The word “Skeptic” in the chapter’s title reflects the mindset on must possess in this increasingly nonlinear world. The chapter mentions an example of Tunisian man committing suicide that leads to a massive revolution in the Arab world. Could anyone have predicted such catastrophic ripple effects of a seemingly common event ? It is easy to look backward and sketch a narrative arc, but difficult to actually peer in to the future and forecast? To make effective predictions, the mindset should be that of an “optimistic skeptic”.

So is reality clock-like or cloud-like? Is the future predictable or not? These are false dichotomies, the first of many we will encounter. We live in a world of clocks and clouds and a vast jumble of other metaphors. Unpredictability and predictability coexist uneasily in the intricately interlocking systems that make up our bodies, our societies, and the cosmos. How predictable something is depends on what we are trying to predict, how far into the future, and under what circumstances.

In fields where forecasts have been reliable and good, one sees that the people who make these forecasts follow, Forecast, measure, revise. Repeat. procedure. It’s a never-ending process of incremental improvement that explains why weather forecasts are good and slowly getting better. Why is this process non-existent in many stock market predictions, macro economic predictions? The author says that it is a demand-side problem. The consumers of forecasting don’t demand evidence of accuracy and hence there is no measurement.
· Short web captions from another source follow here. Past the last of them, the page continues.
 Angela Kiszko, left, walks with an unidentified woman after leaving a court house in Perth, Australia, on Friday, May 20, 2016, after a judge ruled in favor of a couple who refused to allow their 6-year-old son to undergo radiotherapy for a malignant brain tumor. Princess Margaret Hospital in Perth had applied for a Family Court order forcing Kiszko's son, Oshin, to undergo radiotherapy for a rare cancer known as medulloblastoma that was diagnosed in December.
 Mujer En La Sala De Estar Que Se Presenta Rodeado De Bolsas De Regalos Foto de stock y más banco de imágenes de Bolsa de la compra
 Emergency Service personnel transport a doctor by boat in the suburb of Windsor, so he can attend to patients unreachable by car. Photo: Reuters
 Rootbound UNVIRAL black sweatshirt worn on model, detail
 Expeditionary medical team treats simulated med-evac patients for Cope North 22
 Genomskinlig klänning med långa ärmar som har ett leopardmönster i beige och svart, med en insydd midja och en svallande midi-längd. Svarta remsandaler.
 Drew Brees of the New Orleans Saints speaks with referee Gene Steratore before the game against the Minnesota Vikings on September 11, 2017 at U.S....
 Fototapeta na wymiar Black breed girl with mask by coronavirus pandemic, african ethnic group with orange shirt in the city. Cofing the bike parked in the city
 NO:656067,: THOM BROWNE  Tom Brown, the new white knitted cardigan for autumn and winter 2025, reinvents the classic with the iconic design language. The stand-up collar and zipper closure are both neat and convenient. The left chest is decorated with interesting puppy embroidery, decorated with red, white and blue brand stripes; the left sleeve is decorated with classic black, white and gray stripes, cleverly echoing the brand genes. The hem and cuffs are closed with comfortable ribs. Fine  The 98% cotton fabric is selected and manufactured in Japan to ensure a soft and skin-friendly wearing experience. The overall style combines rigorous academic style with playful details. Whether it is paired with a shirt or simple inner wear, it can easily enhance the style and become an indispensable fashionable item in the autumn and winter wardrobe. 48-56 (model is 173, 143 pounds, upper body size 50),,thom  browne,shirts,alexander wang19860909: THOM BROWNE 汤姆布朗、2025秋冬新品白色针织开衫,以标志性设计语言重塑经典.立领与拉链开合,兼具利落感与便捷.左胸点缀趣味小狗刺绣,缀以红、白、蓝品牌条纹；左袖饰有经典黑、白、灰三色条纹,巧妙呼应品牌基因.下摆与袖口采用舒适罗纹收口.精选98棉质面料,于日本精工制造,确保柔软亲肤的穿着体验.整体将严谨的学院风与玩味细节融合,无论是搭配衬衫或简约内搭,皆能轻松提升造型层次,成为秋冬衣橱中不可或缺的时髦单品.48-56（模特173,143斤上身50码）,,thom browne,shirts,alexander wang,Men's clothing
Most of the readers and general public might be aware of the research done by Tetlock that produced the dart-throwing chimpanzee article. However this chapter talks about another research study that Tetlock and his research partner&wife started in 2011, Good Judgement Project. The couple invited volunteers to sign up and answer well designed questions about the the future. In total, there were 20,000 people who volunteered to predict event outcomes. The author collated the predictions from this entire crew of 20,000 people and played a tournament conducted by IARA, an intelligence research agency. The game comprised predicting events spanning a month to a year in to the future. It was held between 5 teams, one of which was GJP. Each team would effectively be its own research project, free to improvise whatever methods it thought would work, but required to submit forecasts at 9 a.m. eastern standard time every day from September 2011 to June 2015. By requiring teams to forecast the same questions at the same time, the tournament created a level playing field-and a rich trove of data about what works, how well, and when. Over four years, IARPA posed nearly five hundred questions about world affairs. In all, one million individual judgments about the future. In all the years, the motley crowd of forecasters of The Good Judgement project beat the experts hand down. The author says that there are two major takeaways from the performance of his team

Foresight is real : They aren’t gurus or oracles with the power to peer decades into the future, but they do have a real, measurable skill at judging how high-stakes events are likely to unfold three months, six months, a year, or a year and a half in advance.
Forecasting is not some mysterious gift : It is the product of particular ways of thinking, of gathering information, of updating beliefs. These habits of thought can be learned and cultivated by any intelligent, thoughtful, determined person.

The final section of the first chapter contains author’s forecast on the entire field of forecasting. With machines doing most of the cognitive work, there is a threat the forecasting done by humans will be no match to that supercomputers. However the author feels that humans are underrated(a book length treatment has been given by Geoff Colvin). In the times to come, the best forecasts would result from a combination of human-machine teams rather than humans only or machines only forecasts.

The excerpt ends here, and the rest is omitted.